ICW Mendesak Presiden Jokowi Menghindari Politik Praktis Jelang Pemilu Tahun 2024

Sumber foto: KOMPAS.com/Ardito Ramadhan D
Sumber foto: KOMPAS.com/Ardito Ramadhan D

Beberapa hari lalu Presiden Joko Widodo (Jokowi) baru saja mengumpulkan enam ketua umum partai politik di Istana Negara. Sepintas merujuk pada pernyataan sejumlah pihak memang tidak ada secara spesifik yang menyebutkan pertemuan itu membahas mengenai pemilihan Presiden dan Wakil Presiden tahun 2024 mendatang. Namun, bagi ICW sikap Presiden tersebut tetap tak etis dan disinyalir akan menimbulkan dugaan konflik kepentingan. Bagaimana tidak, di tengah situasi politik yang saat ini sedang riuh rendah, Presiden justru muncul dengan kesan ketidakmampuannya membedakan urusan publik dengan urusan politik. Mestinya sebagai Presiden, Jokowi mampu menjaga netralitasnya dan tidak turun langsung mencampuri ranah politik praktis. Sebab, masyarakat akan bias dalam melihat posisi Jokowi, antara sebagai Presiden atau kader partai politik. 

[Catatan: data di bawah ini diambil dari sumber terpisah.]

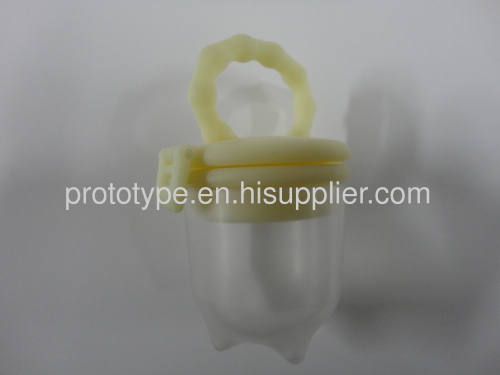 Acrylic prototype CNC RP SLA machining product design model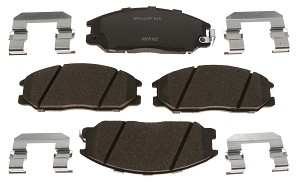 BRAKE PADS OEM OE Replacement Ceramic Includes Mounting Hardware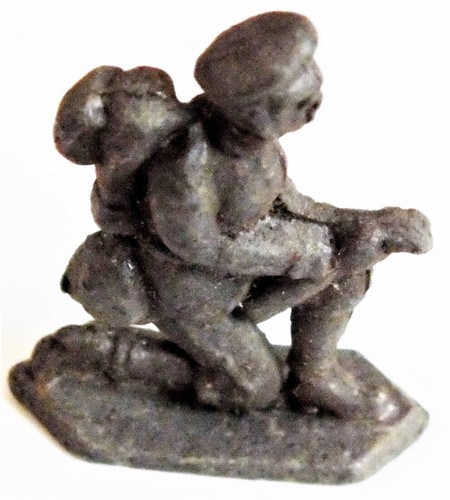 Early lead toy - toy, soldier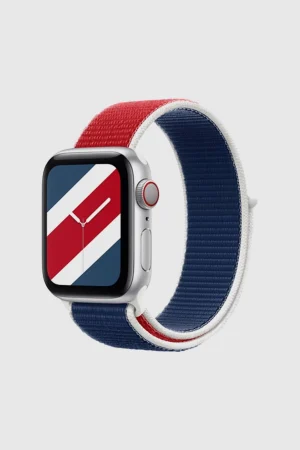 Great Britain Sport Loop International Band for Apple Watch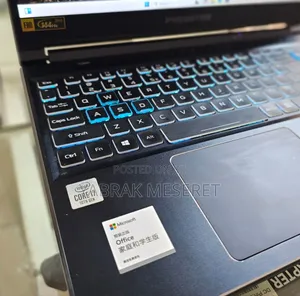 New Laptop Acer Predator Helios 300 16GB Intel Core I7 SSD 512GB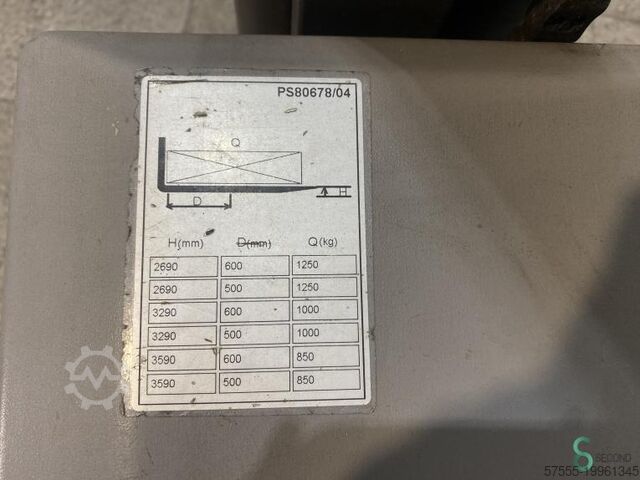 Stapler Atlet PS125TV359 PS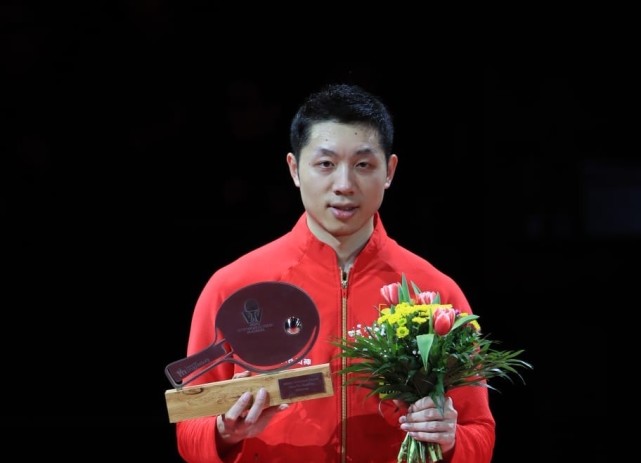 80碾压日本张本智和许昕剑指奥运会3冠王乒乓球艺术家全能天才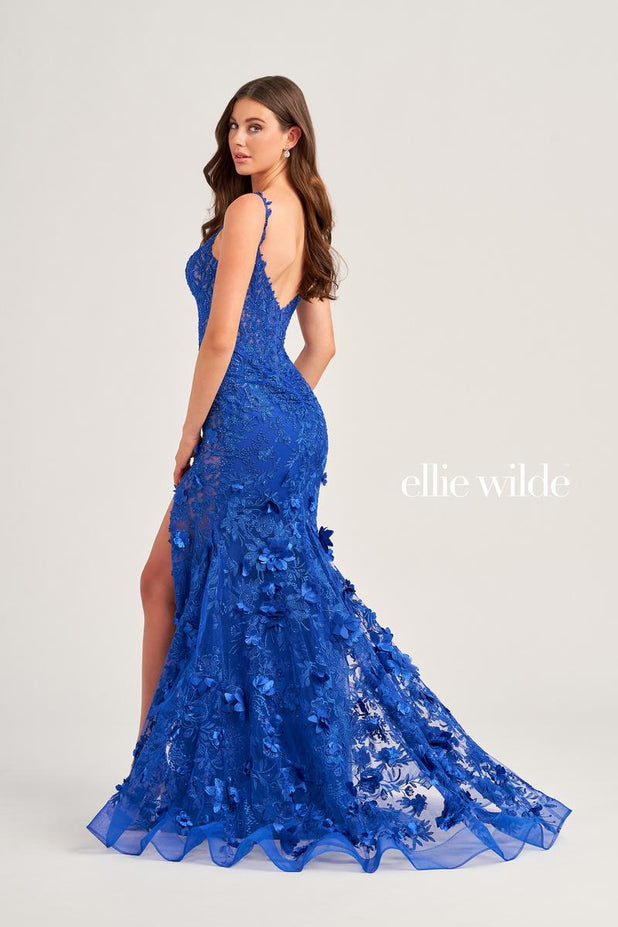 Ellie Wilde Style Number EW35053 - 2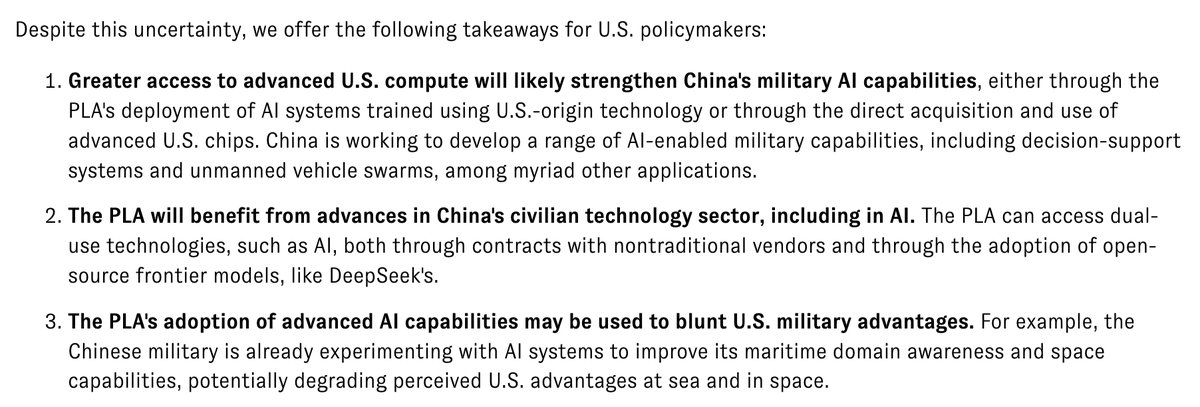 Emerging Technology Observatory tweet media
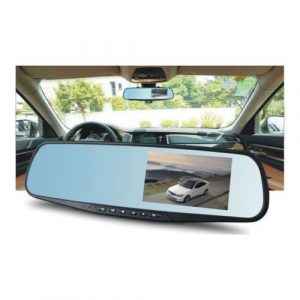 Dual Camera Car DVR Full HD 1080P Vehicle Blackbox DVR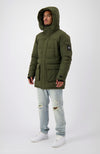 COMMANDER PARKA JACKET | Groen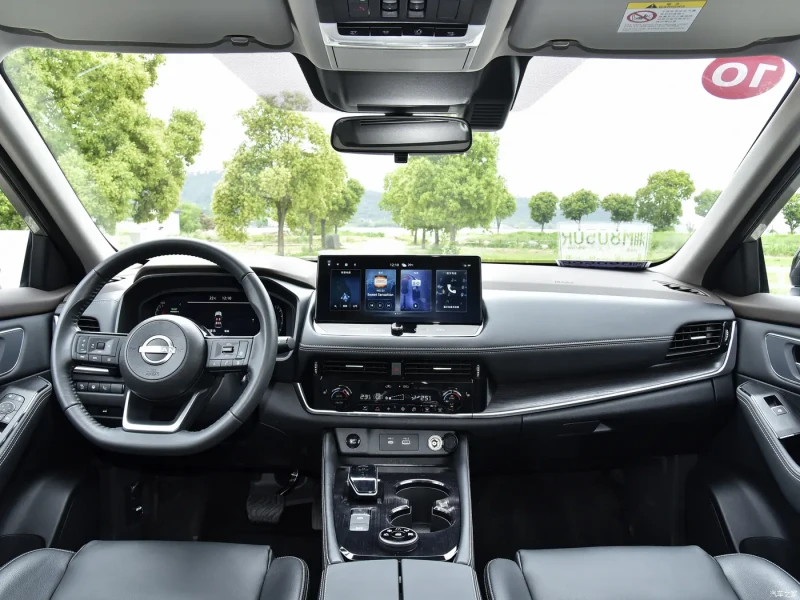 2024 Nissan X-Trail без пробега
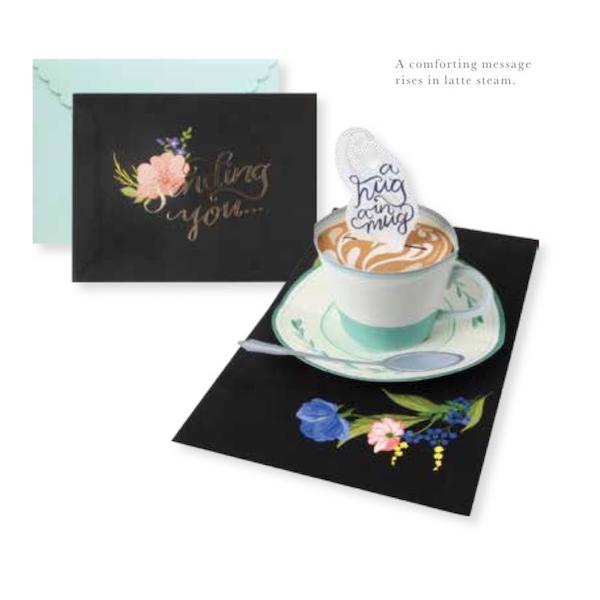 BIGL.AUGURI B.LUX PURE A.CAPPUCCINO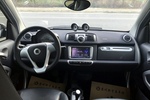 smartfortwo2013款1.0T 硬顶激情版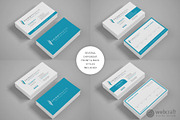 Chiropractic Logo Stationery, a Stationery Template by WebCraft (Thumbnail 2 of 9)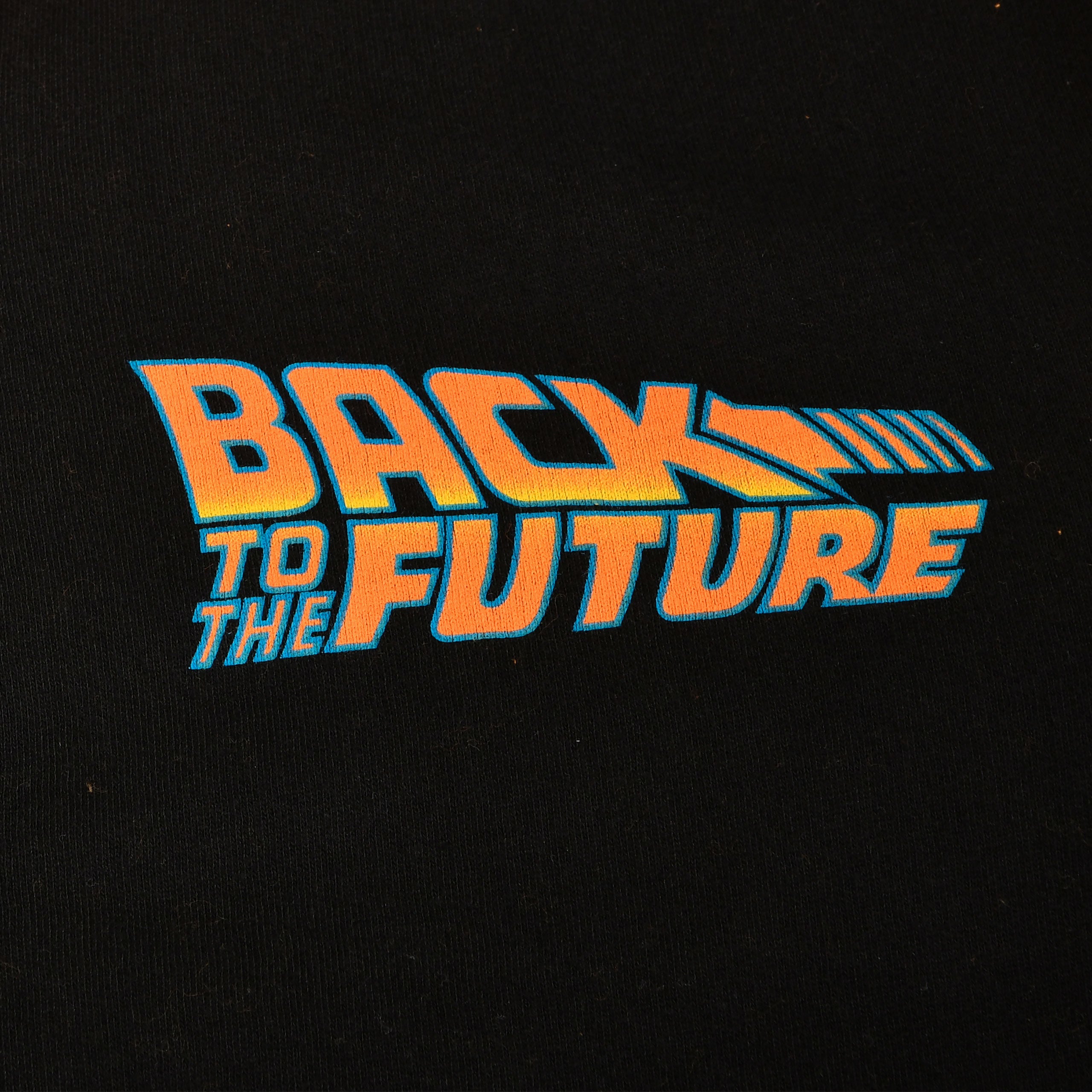 Zdjęcie produktu Powrót do przyszłości - Bluza z kapturem DeLorean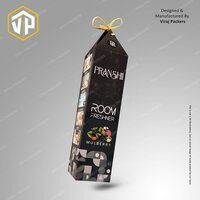 Room Freshner Premium Packaging Box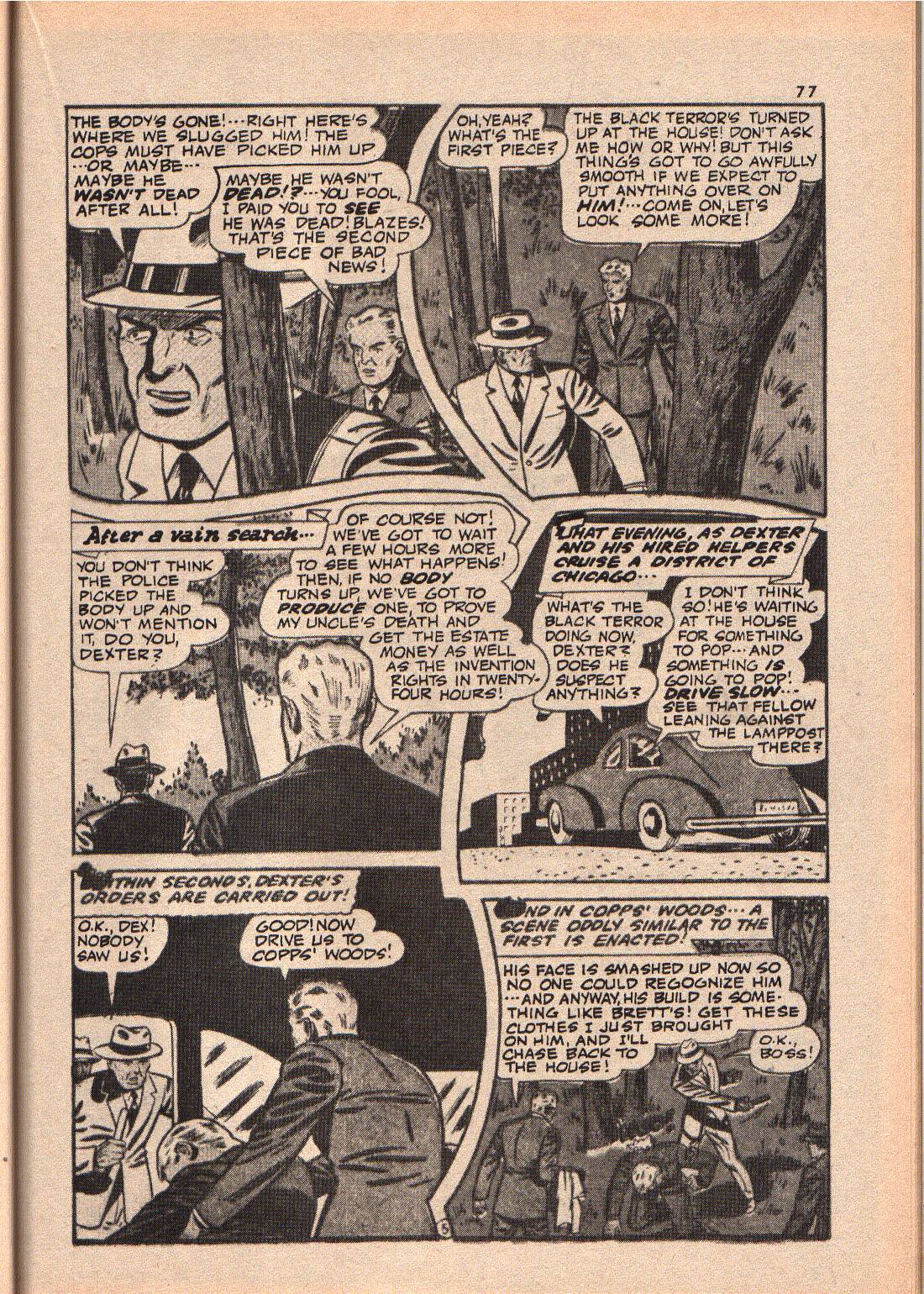 Read online Golden Age Review comic -  Issue # TPB - 78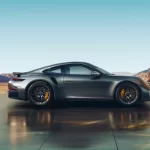 Porsche 911 Turbo S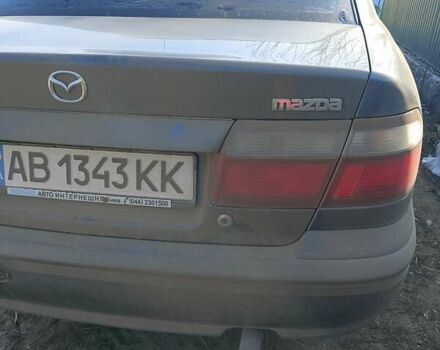 Сірий Мазда 626, об'ємом двигуна 2 л та пробігом 10 тис. км за 3200 $, фото 6 на Automoto.ua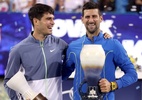 Alcaraz x Djokovic: ESPN exibe duelo decisivo no ATP Finals - Getty Images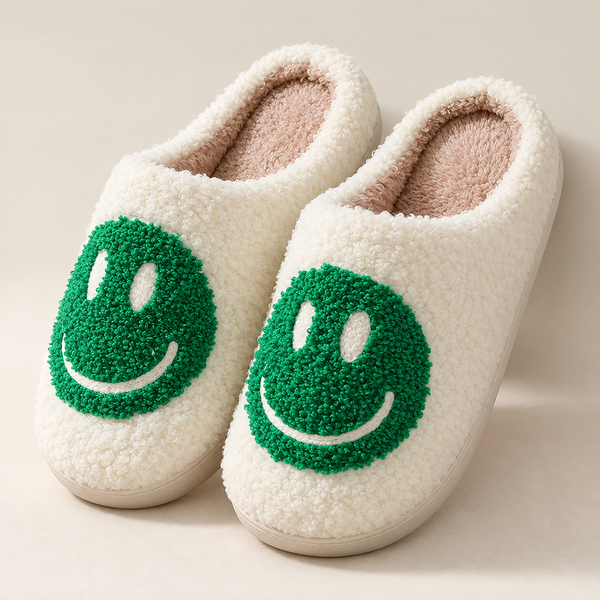 Cozy Plush Slippers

Buruknya etika politik Jokowi semakin diperjelas dengan pernyataannya sendiri pasca pertemuan dengan enam ketua partai tersebut. Sebagaimana ramai diberitakan, ia menyatakan bahwa sebagai pejabat publik yang juga sekaligus politisi, maka mengundang ataupun diundang para elit partai untuk membicarakan politik adalah hal yang lumrah. Padahal, dengan adanya posisi ganda yang disandangnya tersebut justru semakin mengharuskan ia untuk lebih mawas diri dalam bersikap. Potensi konflik kepentingan dengan menggunakan aset serta fasilitas negara untuk berpihak dan memberi keuntungan pada calon tertentu dalam pemilihan umum mendatang sangat mungkin terjadi. 

Konteks terkini rasanya tidak berlebihan jika menyebut Presiden Jokowi selalu bersikap permisif terhadap potensi konflik kepentingan dalam pemerintahannya. Penting diingat bahwa pertemuan dengan enam ketua partai tersebut bukanlah kali pertama, pada April lalu Presiden diketahui sempat melakukan pertemuan serupa dengan lima ketua umum partai. Terbaru pada Kamis, 4 Mei 2023 Jokowi menerima kunjungan Plt Ketua Umum PPP, Mardiono yang sebelumnya telah menyampaikan dukungan partainya pada pencalonan Ganjar Pranowo. Tentu rangkaian pertemuan Jokowi dengan elit partai ini bukan tidak mungkin semakin meruntuhkan independensi sikap Presiden. 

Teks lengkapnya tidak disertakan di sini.